Up, Up and Away: The Rise and Fall of Comic Books
[It was the late 1930's before comic books] were accepted as fit for children in whose innocence parents were still pretending to believe. Moreover, the children themselves demanded more than parody of the daily scripts in which sex was absent and violence trivialized; they yearned for a new mythology neither explicitly erotic, overtly terrifying nor frankly supernatural, yet essentially phallic, horrific and magical. Such a mythology was waiting to be released in pulp science fiction, a genre recreated in the United States in 1926 by Hugo Gernsback, who published the first magazine devoted entirely to the genre. He did not invent the name, however, until 1929, just one year before a pair of 16-year-olds, Jerry Siegel and Joe Shuster, reviewed Philip Wylie's Gladiator in one of the earliest s.f. fanzines…. (p. 339)
Out of that novel, at any rate, emerged the first and most long-lived of all comic book characters, Superman….
[It] required the imminence of World War II before the supergoy dreamed up by a pair of Jewish teenagers from Cleveland in the Great Depression could reach an audience of hundreds of millions starved for wonder but too ill at ease with Gutenberg forms to respond even to science fiction. Only then did the paranoia that is their stock in trade become endemic—the special paranoia of men in cities anticipating in their shared nightmares the saturation bombing that lay just ahead and the consequent end of law and order, perhaps of man himself. The suffering city, Metropolis, which under various names remains the setting for all subsequent Superheroes, is helpless before its external enemies because it is sapped by corruption and fear at its very heart.
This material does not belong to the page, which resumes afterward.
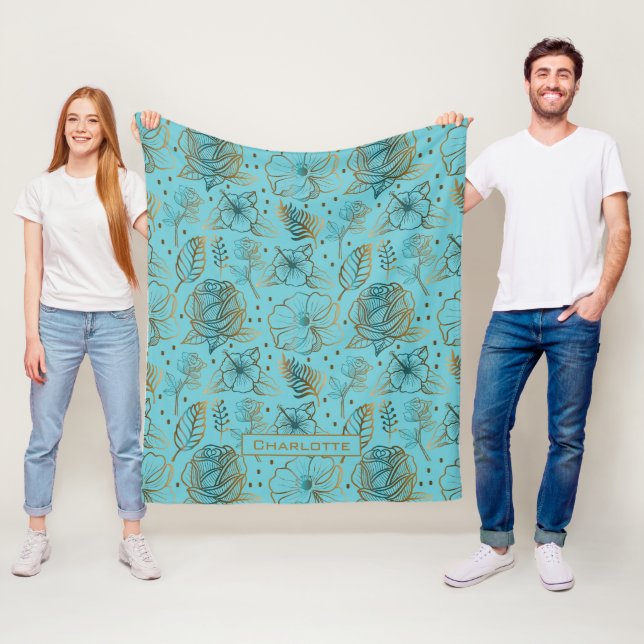 Big blossom floral pattern gold personalized name  fleece blanket (In Situ)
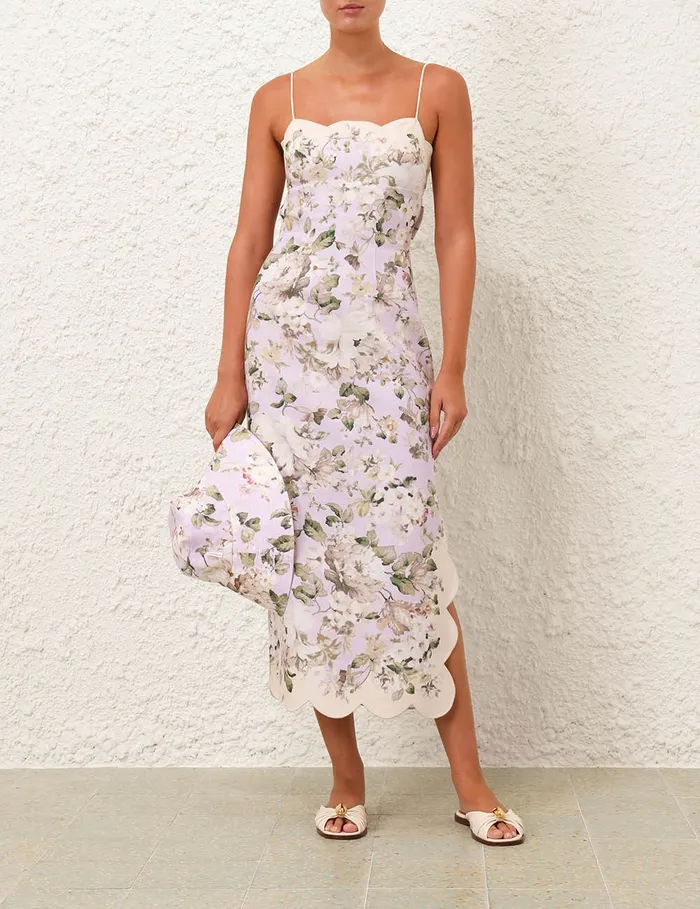 Women Zimmermann Dresses and Coverups Acacia Scallop Midi Dress Lilac Floral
But the old American promise of an end to paranoia is there, too, the equivocal dream that had already created the Ku Klux Klan and the vigilantes and the lynch mob, as well as the cowboy hero and the private eye—the dream of a savior in some sense human still, but able to know, as the rest of us cannot, who the enemy really is and to destroy him as we no longer can—not with technology, which is in itself equivocal, but with his bare hands. (p. 340)
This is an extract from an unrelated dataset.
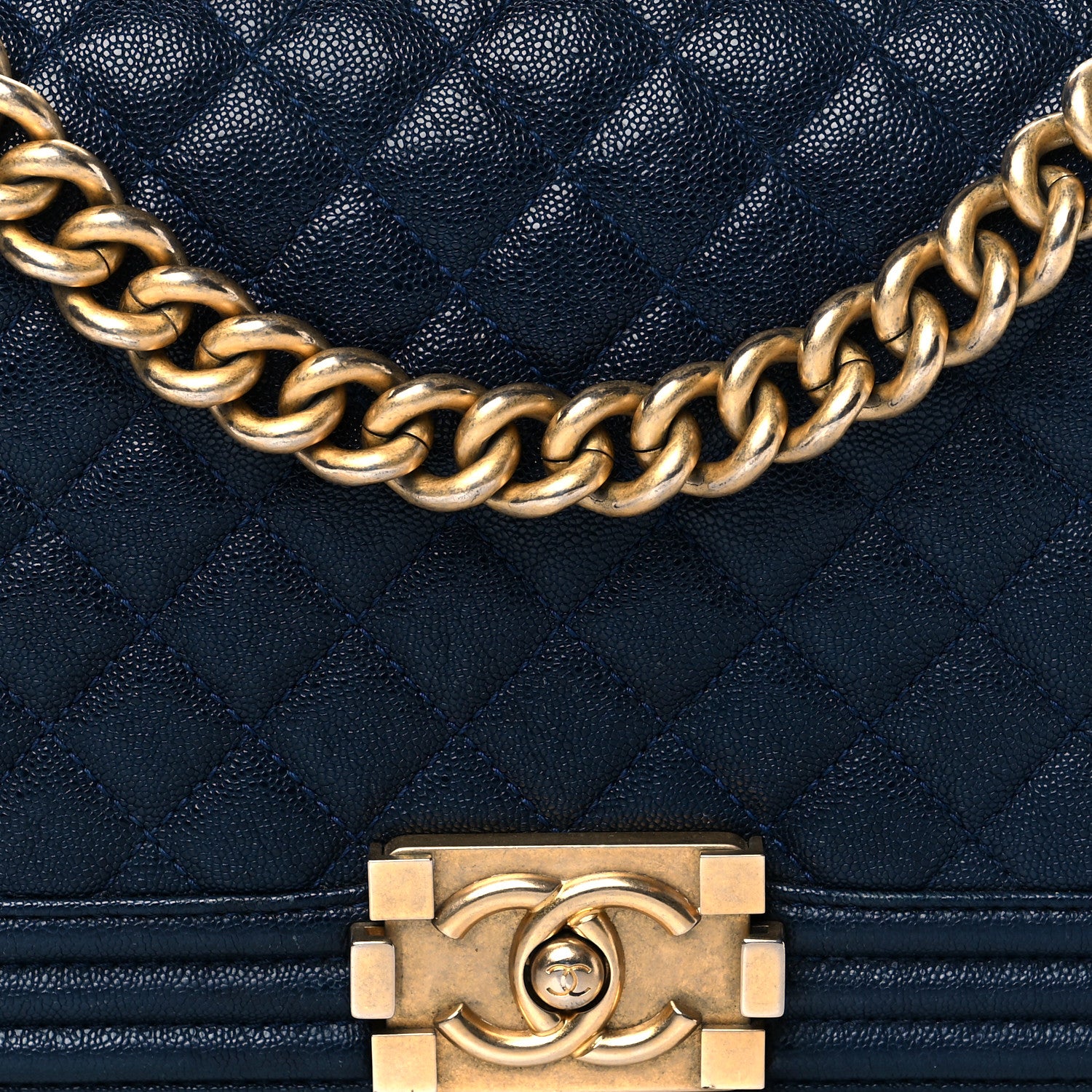 Chanel Caviar Quilted Medium Boy Flap Navy 8 of 10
I found pathos as well in the double identity of the hero, that Siegel and Shuster invention, product of God knows what very Jewish irony undercutting what it seemed to celebrate. He was a man of steel in one guise, but in the other a short-sighted reporter, a crippled newsboy, an epicene playboy flirting with a teen-age male companion. Phallic but impotent, supermale but a eunuch, incapable of consummating love or begetting a successor; and, therefore, he was a last hero, doomed to lonely immortality and banned by an ultimately inexplicable taboo from revealing the secret that would make it possible at least to join the two halves of his sundered self and thus end his comic plight of being forever his own rival for the affection of his best beloved. Ultimately, therefore, the Siegel and Shuster Superman turns out to be not a hero who seems a shlemiel, but a hero who is a shlemiel. If this is not essentially funny …, it is because the joke was on all of us and there was no one left to laugh—not even when the war was over and it had become clear that what it had achieved was the end of heroism rather than of paranoia. (p. 341)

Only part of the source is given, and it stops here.